What to do when your horse has inappetence

Horses are athletes and just like humans, they are required to maintain top condition in order to perform successfully. In striving to achieve high levels of athletic performance, horses are exposed to a variety of stress factors. Quite often horses in hard training develop stress-induced appetite reduction.

As you continue to train your horses they will become fitter and a sudden increase in workload can sometimes cause changes in appetite. When competing on a regular basis, these horses might lose energy, condition, the ability to perform to expectation and to recover quickly from exercise.

While these fussy eaters might drive you crazy, it’s important to establish why they are refusing to eat. There are many factors that can cause poor appetite in horses. It is best to determine the underlying cause, as issues such as poor dental health, stress, pain, illness and digestive conditions can significantly affect the welfare of your horse.

Dental Checks

Annual dental visits are essential. Sharp points can form on the molars, which damage the horse’s tongue and cheeks. Aged horses or those with poor mouth conformation may require more regular maintenance.

The Stress Factor

Stress is a common cause of inappetence. It’s important to allow visual/physical contact when stabling and, if possible, house your horse with compatible companions. Remember that horses are social animals. Travel, competition and intense physical training are other stressors that may decrease appetite.

Digestive Issues

Digestive conditions are extremely common in performance horses, especially racehorses. Equine Gastric Ulcer Syndrome (EGUS) can be very painful due to lesions on the stomach lining. Hindgut imbalances resulting in a decrease in pH can also cause abdominal discomfort. In these situations, often adjustments in feeding and management practices are required to improve gut health.

Quality Feed

All feed should be of good quality, fresh and clean. Old, mouldy forage and feedstuff will be unpalatable to your horse. Some feed ingredients such as amino acids and minerals have a yucky taste. Finicky eaters will also be sensitive to changes in their feed. It is best to gradually introduce a new feed or supplement and you may need to add something tasty to mask the new smell/taste.

Stimulating Appetite

If you have ruled out these factors as a cause for your horse’s inappetence, an appetite stimulant could prove effective in encouraging food consumption.
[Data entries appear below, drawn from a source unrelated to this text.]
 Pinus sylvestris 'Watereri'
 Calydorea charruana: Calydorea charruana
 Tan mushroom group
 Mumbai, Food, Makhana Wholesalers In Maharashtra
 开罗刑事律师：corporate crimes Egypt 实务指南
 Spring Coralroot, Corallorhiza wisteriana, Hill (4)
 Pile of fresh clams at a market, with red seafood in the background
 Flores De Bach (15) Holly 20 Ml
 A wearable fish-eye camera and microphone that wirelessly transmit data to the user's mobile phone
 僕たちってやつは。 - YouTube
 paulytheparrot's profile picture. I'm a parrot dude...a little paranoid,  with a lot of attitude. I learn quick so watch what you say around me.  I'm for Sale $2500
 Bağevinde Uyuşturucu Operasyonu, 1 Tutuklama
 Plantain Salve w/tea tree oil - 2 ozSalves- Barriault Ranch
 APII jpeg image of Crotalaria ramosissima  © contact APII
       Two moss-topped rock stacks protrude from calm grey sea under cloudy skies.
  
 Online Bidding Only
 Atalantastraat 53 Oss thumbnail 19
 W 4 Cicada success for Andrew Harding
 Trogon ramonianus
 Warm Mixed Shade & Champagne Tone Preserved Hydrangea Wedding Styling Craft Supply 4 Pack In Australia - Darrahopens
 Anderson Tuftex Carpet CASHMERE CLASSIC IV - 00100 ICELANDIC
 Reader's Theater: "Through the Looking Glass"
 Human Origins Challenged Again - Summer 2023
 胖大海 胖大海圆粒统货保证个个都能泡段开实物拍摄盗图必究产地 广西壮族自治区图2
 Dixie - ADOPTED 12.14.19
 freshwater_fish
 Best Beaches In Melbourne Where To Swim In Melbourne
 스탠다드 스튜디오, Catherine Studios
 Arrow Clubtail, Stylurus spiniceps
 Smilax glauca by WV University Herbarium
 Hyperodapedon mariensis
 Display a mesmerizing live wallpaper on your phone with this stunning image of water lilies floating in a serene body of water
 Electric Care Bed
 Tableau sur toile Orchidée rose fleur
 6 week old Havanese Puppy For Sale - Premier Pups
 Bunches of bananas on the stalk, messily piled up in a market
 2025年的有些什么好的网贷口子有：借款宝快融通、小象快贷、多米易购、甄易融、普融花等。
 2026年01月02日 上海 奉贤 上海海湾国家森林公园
AppeTITE is a highly palatable, cherry flavoured liquid that stimulates hunger and encourages eating when horses are off their feed. AppeTITE can be used daily to improve eating habits or can be used strategically for horses off their feed.

AppeTITEs concentrated level of B vitamins stimulates the hunger reflex in the horse making him want to eat and look for food. It is slightly acidic which causes the horse to lick and produce saliva, stimulating him to eat.

AppeTITE is ideal for performance horses and is especially effective for horses on a high grain/low forage diet. Maintaining appetite ensures the horse has the required energy for competition and can maintain body condition during times of stress.

Features and Benefits

  • Improves horses’ eating habits
  • Easy to use liquid form
  • Highly palatable cherry flavour
  • Can be used daily
  • Healthy appetite, healthy horse!

 

If your horse’s appetite doesn’t improve, please consult your veterinarian.

You should discuss potential reasons for poor appetite with your vet. Many illnesses are accompanied by a refusal to eat. Performing blood tests to evaluate organ function can help rule out an underlying infection.